- [SUPPLIED DATA]:
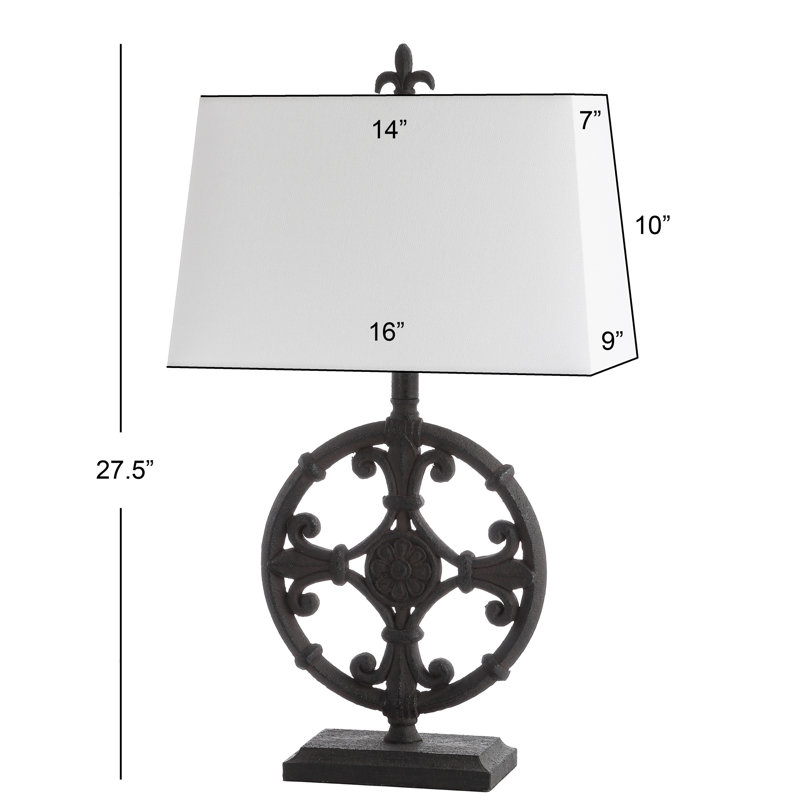 Chee Resin Table Lamp Set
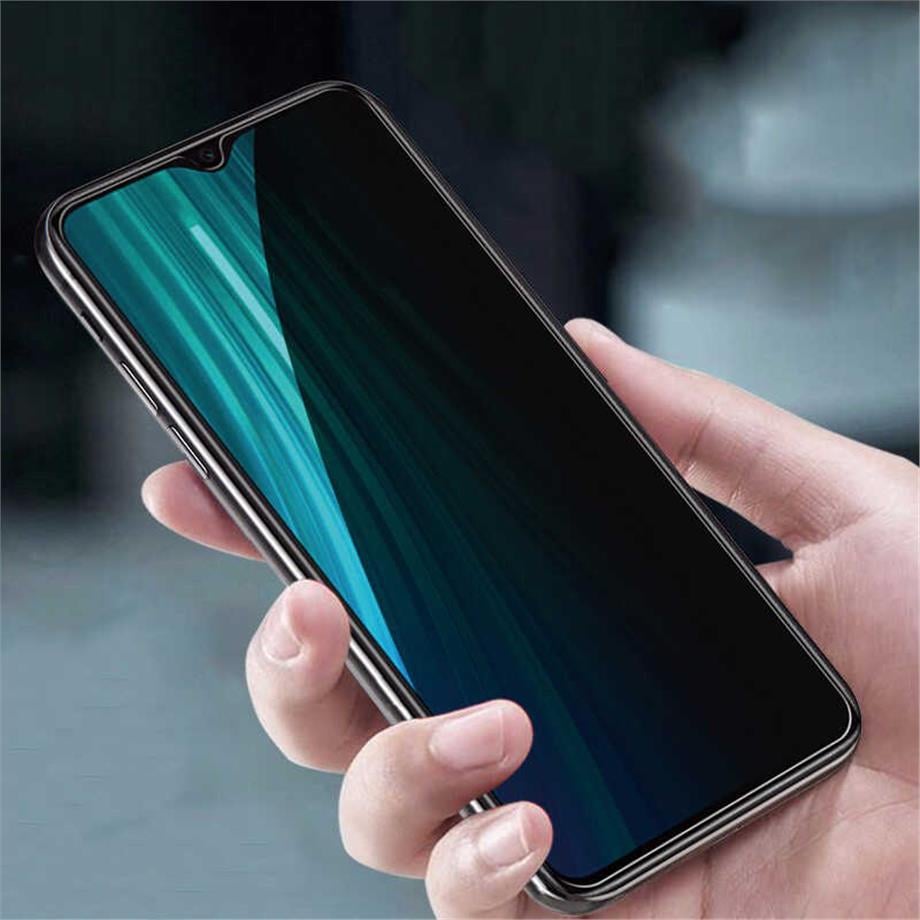  Xiaomi Redmi 9A Hayalet Ekran Koruyucu Davin Privacy Seramik Ekran Filmi Siyah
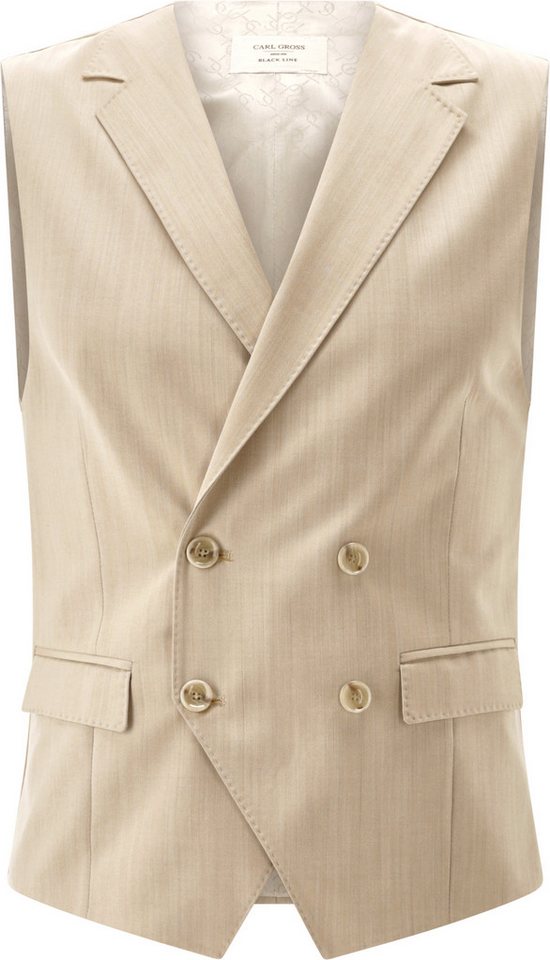 Carl Gross Anzugweste CG Wailer von Carl Gross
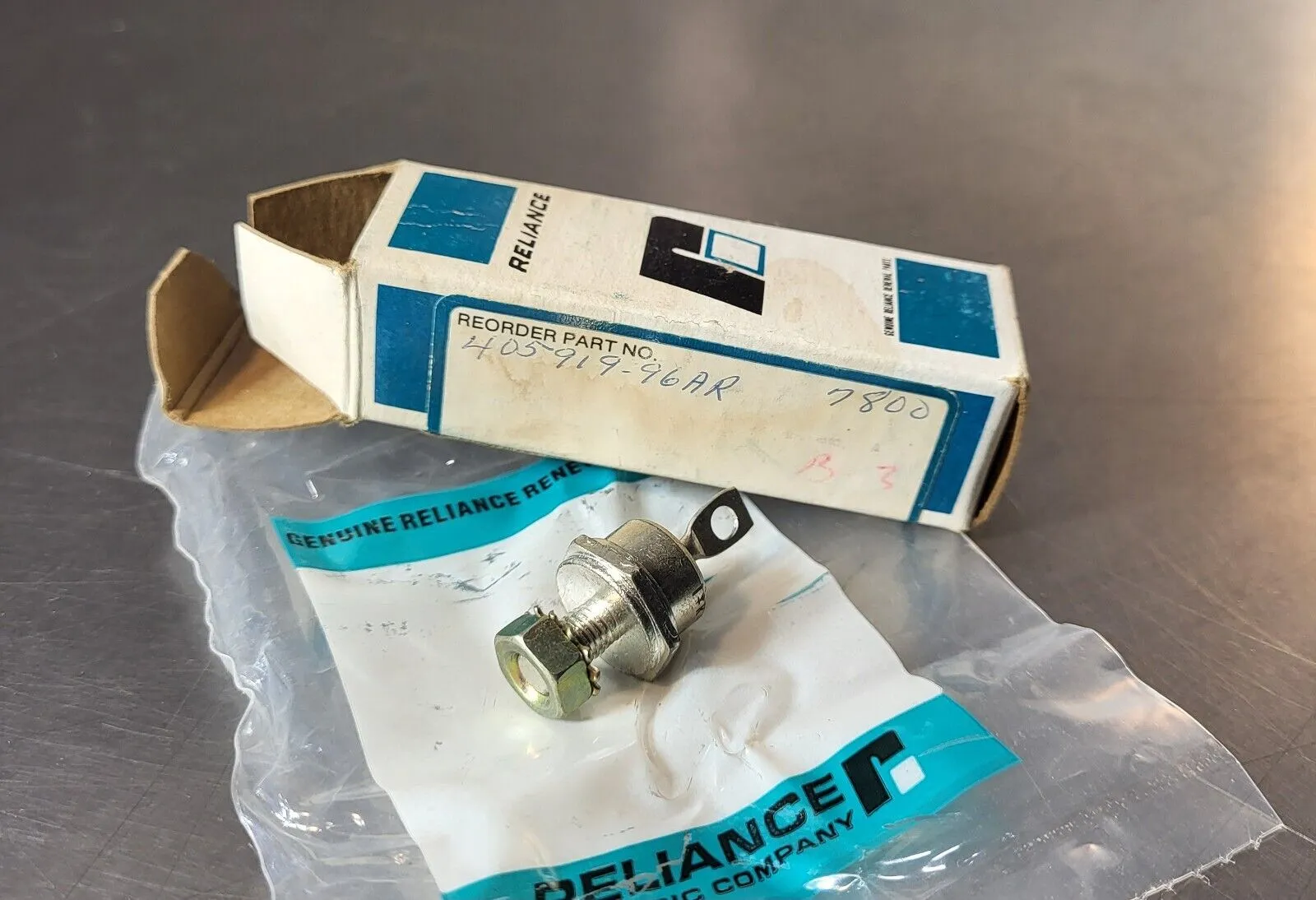 RELIANCE 419419-3AR DIODE VTAC/BACK. Loc4D30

- [PROBLEM DESCRIPTION]:
The final stretch of the data, from the line with "Xiaomi Redmi 9A" through its last line, is to be retyped exactly; pictures are not part of the copy.

- [ANSWER TO THE PROBLEM]:
  Xiaomi Redmi 9A Hayalet Ekran Koruyucu Davin Privacy Seramik Ekran Filmi Siyah
 Carl Gross Anzugweste CG Wailer von Carl Gross
 RELIANCE 419419-3AR DIODE VTAC/BACK. Loc4D30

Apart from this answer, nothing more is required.